* Your objective
A verbatim copy is needed of the lines below from the one containing "Armenian Old Carpet" up to and including the one containing "Food Storage Tray", excluding pictures.
___ Data listing
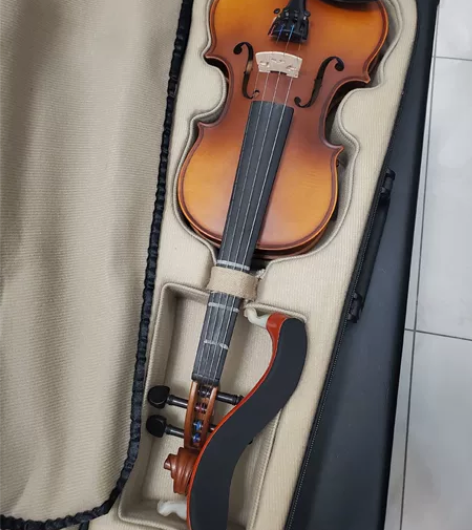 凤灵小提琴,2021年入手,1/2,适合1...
______
___ Data listing
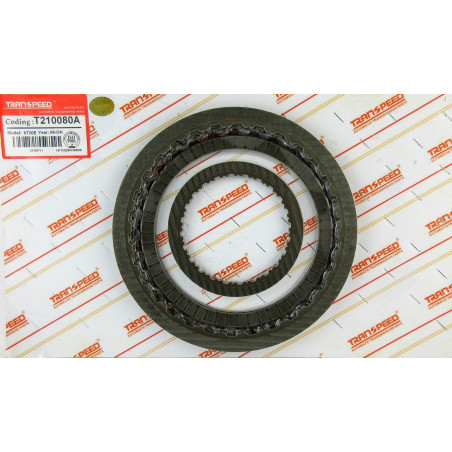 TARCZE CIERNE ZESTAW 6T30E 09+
______
___ Data listing
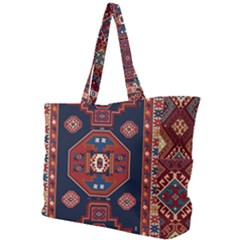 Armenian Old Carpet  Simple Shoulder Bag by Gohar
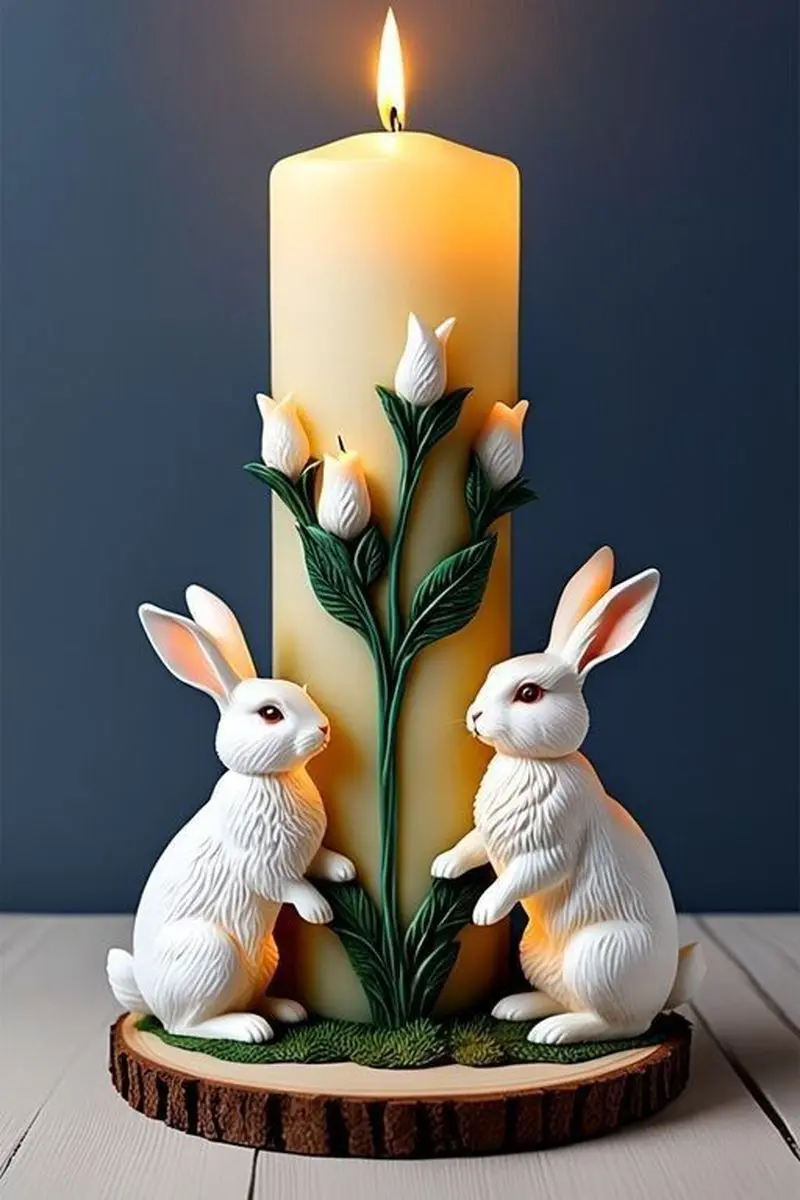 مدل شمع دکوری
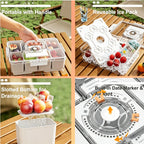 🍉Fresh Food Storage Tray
______
* Response area
 Armenian Old Carpet  Simple Shoulder Bag by Gohar
 مدل شمع دکوری
 🍉Fresh Food Storage Tray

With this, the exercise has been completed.